My background in self-help spans 35 years. I lost a parent early in life, and I became more shy and nonverbal. As I proceeded to shut out the ability of the psychiatry industry to negatively affect me at age 7, I started to allow real life to show me what it considered to be more important. I advocate for the disabled as a function of my existence, and there are many disabilities, often unnoticed or unacknowledged, that affect people.
I am working up to my first public speaking appearances in media and elsewhere, so I have some time to be productive writing something other than a book. Here is some advice I have if you find yourself in a similar situation versus media stimulus as I described in my other post today.
Pointers for navigating a media maze:
(Hint: Please read the bold text first. The rest is details. Or, you don't have to read this. You can, though.)
Know where the power button is on your television, computer monitor, or smartphone.
You can't fix the problem by complaining at a one-way gate like television or Twitter.
If people bully you with media or call you names, report it to your parents or family.
The job of the entertainer is to stay hidden until they have something to show. It's not as fun if they are expected.

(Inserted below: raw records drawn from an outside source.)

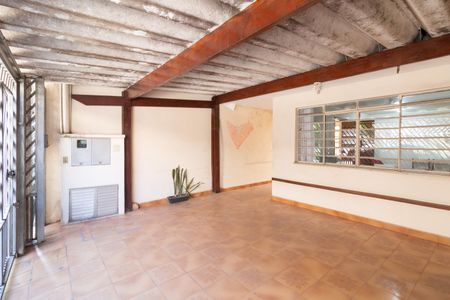 Casa à venda com 200m², 3 quartos e 2 vagas Casa à venda com 200m², 3 quartos e 2 vagasGaragem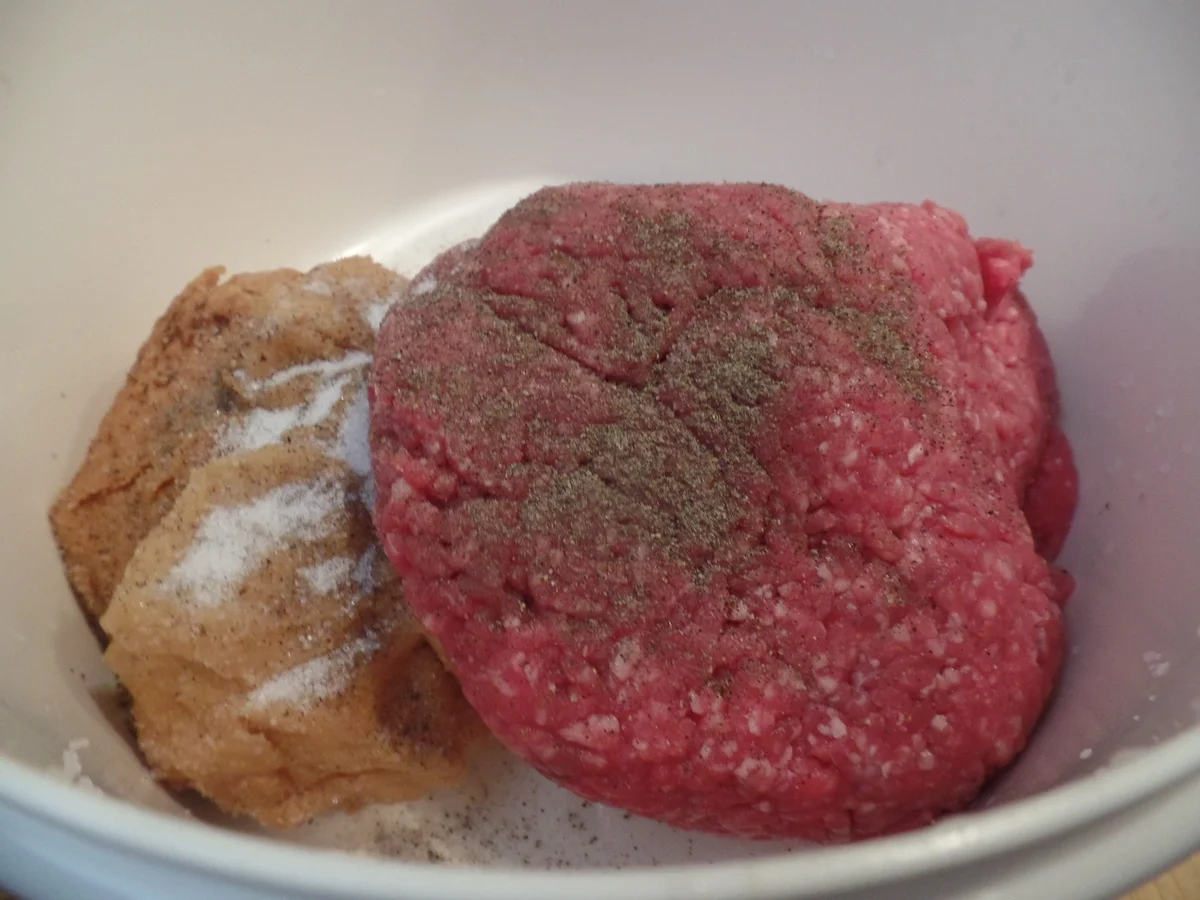 Rezept: Hackbällchen in Currysauce Bild Nr. 15325 Hackbällchen in Currysauce - Rezept - Bild Nr. 15325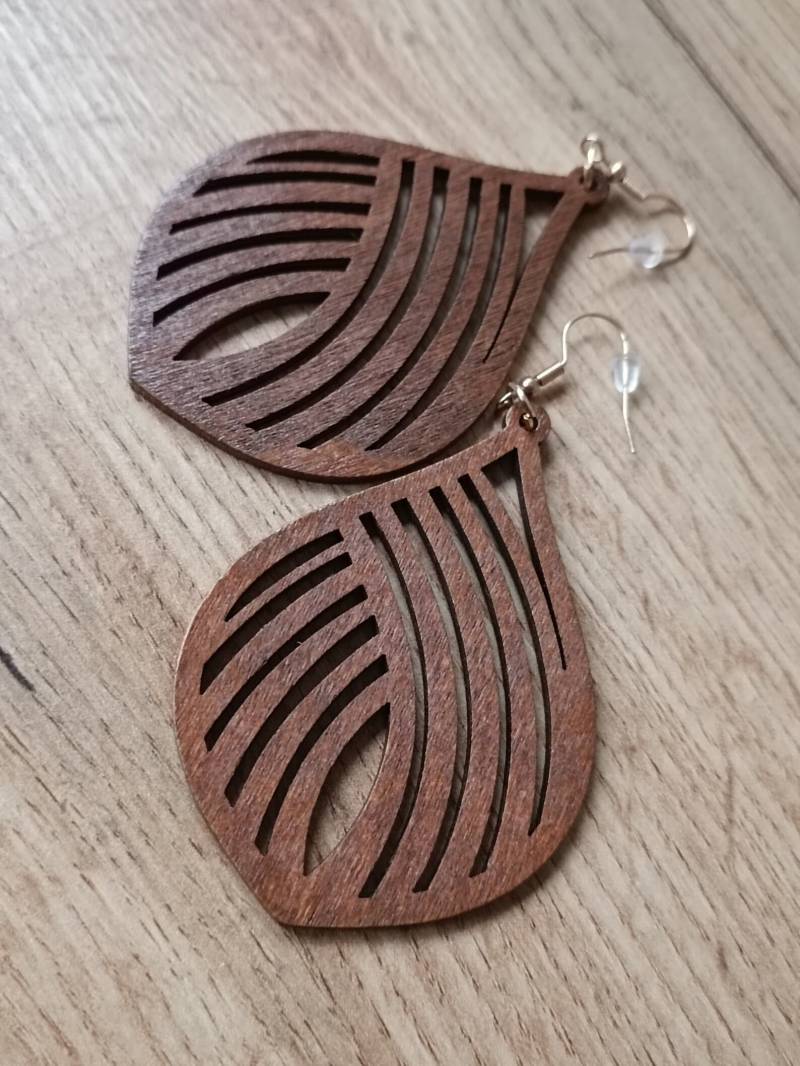 Ohrringe Aus Holz in Blattform von Himmelswandler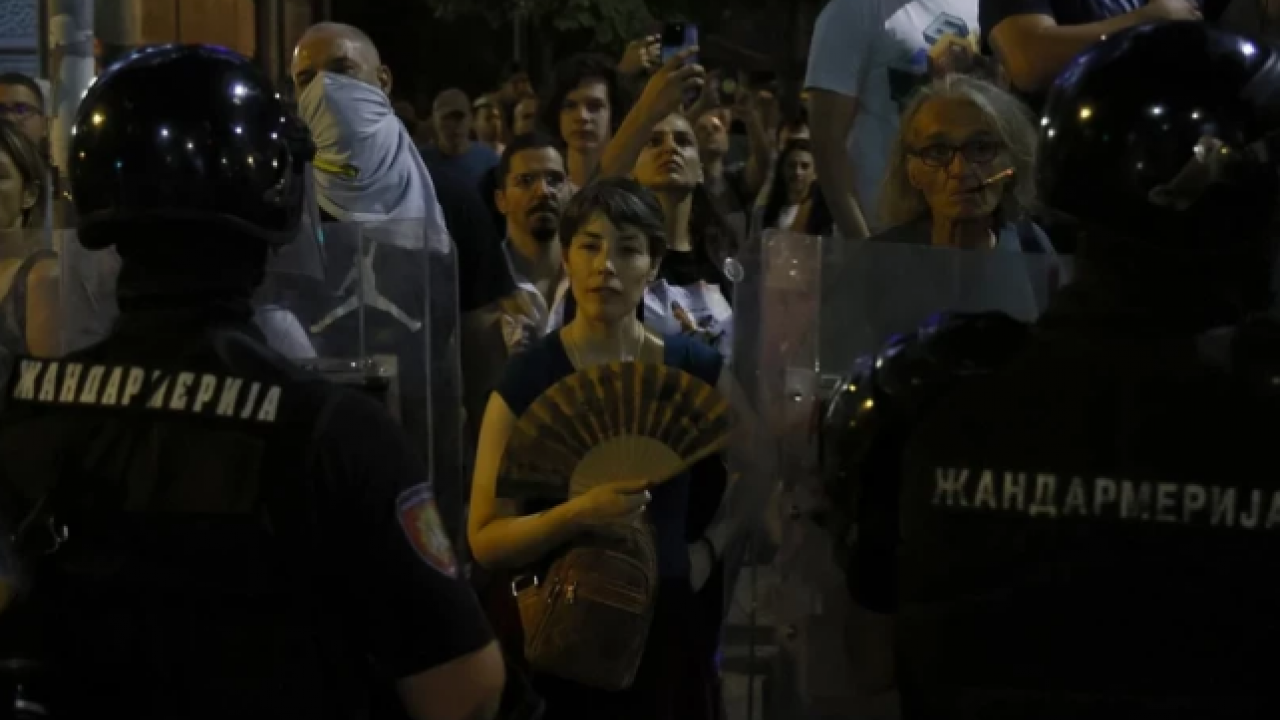 Foto - İç savaş Avrupa’ya sıçradı! İktidar yanlıları ile muhalifler birbirine girdi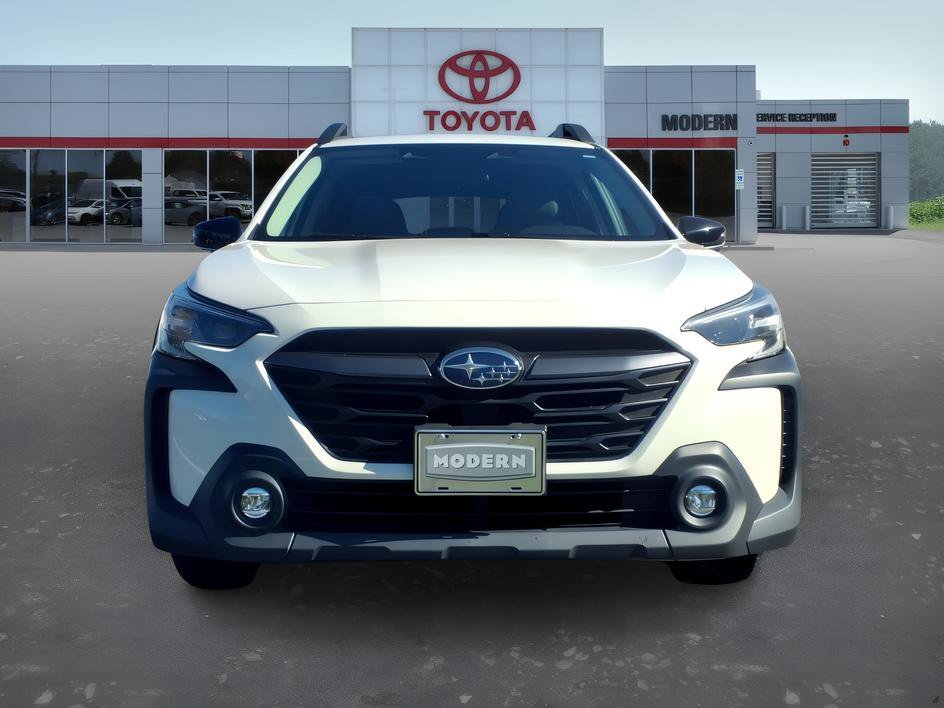 Used 2025 Crystal White Pearl Subaru Premium image 8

The job of the production is to be marketable so they have entertainers to sell to advertisers. Since money is involved, the production team exists to ignore you because they feel liable for you not having their money. (They usually lose in court.)

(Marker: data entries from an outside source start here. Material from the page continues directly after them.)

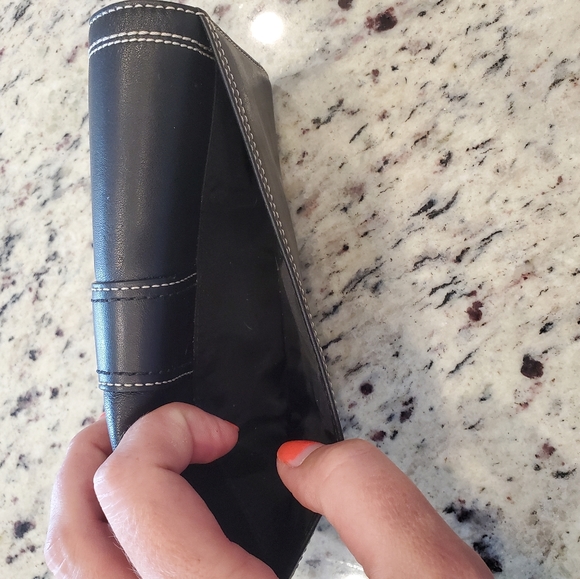 Coach purse and matching wallet - Picture 13 of 14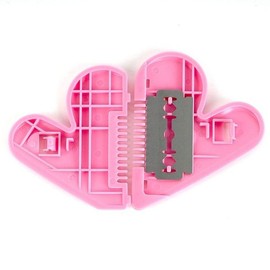 Hottracks Heart Multi-purpose Hair Trimming Comb (WFJ0MX2) / 하트 다용도 헤어 다듬기 제모 빗(WFJ0MX2)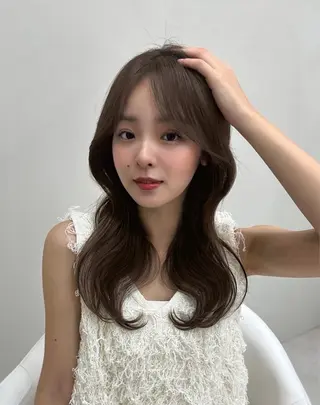 ミディアム Aura所属・丸山 心 / 艶カラーのヘアスタイル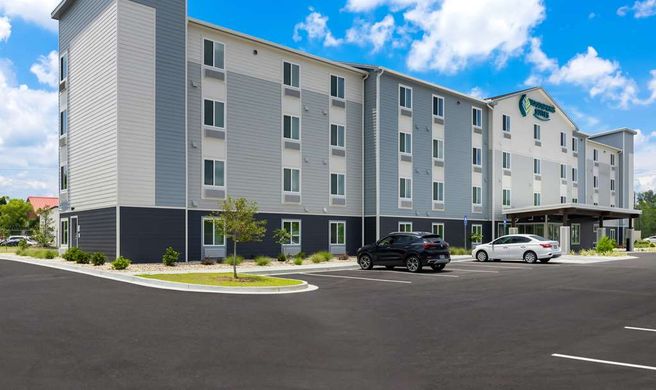 WoodSpring Suites West Chatham Pkwy Exterior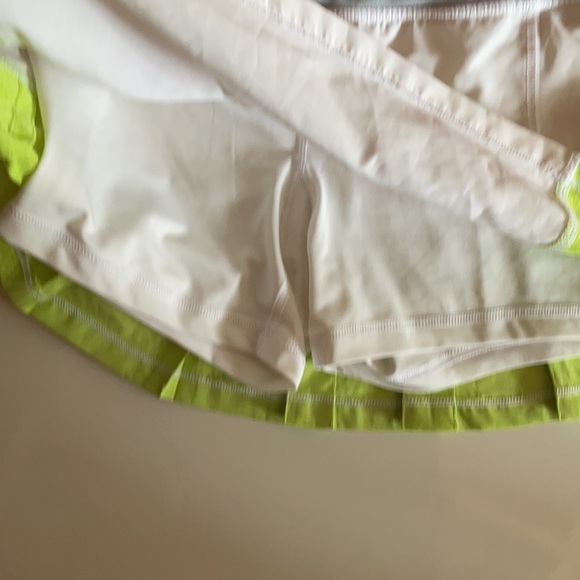 Head Tennis Skirt with built in shorts - Tennis Skort - XS - Picture 2 of 8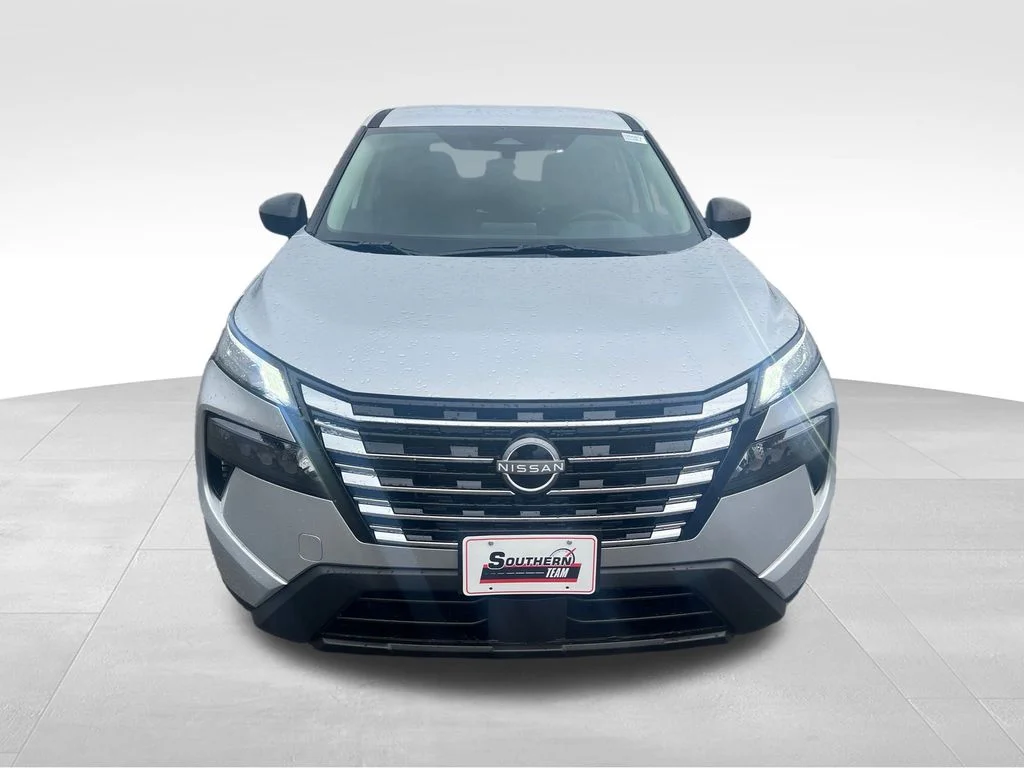 Used 2025 Silver Nissan S image 10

The entertainment industry exists to float a bunch of logos to hide corporate bank accounts. Some who work in this industry seem to think that rules do not apply to them. You can parse theory from James Randi, if you'd like: The studios are only corporate money magicians.
Twitter exists to data-mine entertainment consumers by putting celebrities in an ivory tower full of fake numbers. Most users get no response from any of the fields mentioned. The industry is still failing by trying to make stars seem like they're better than commoners. ..Is it fun yet?
Consider this: Maybe stay away from social media for a while. The reason things might be more fun elsewhere is that all the money went into you having fun where you found it and not using social media.
Consider this also: You probably don't need music, television, or movies. Anything fake from media that runs on its own clock adds extra noise to life; it's a confuser. Maybe lighten your burden. Take pleasure in the simple things that keep you gainfully happy.
Your family comes first. Talk with your parents or other family if you are concerned.
Television and movie actors exist to seem familiar to you. They are not there to help.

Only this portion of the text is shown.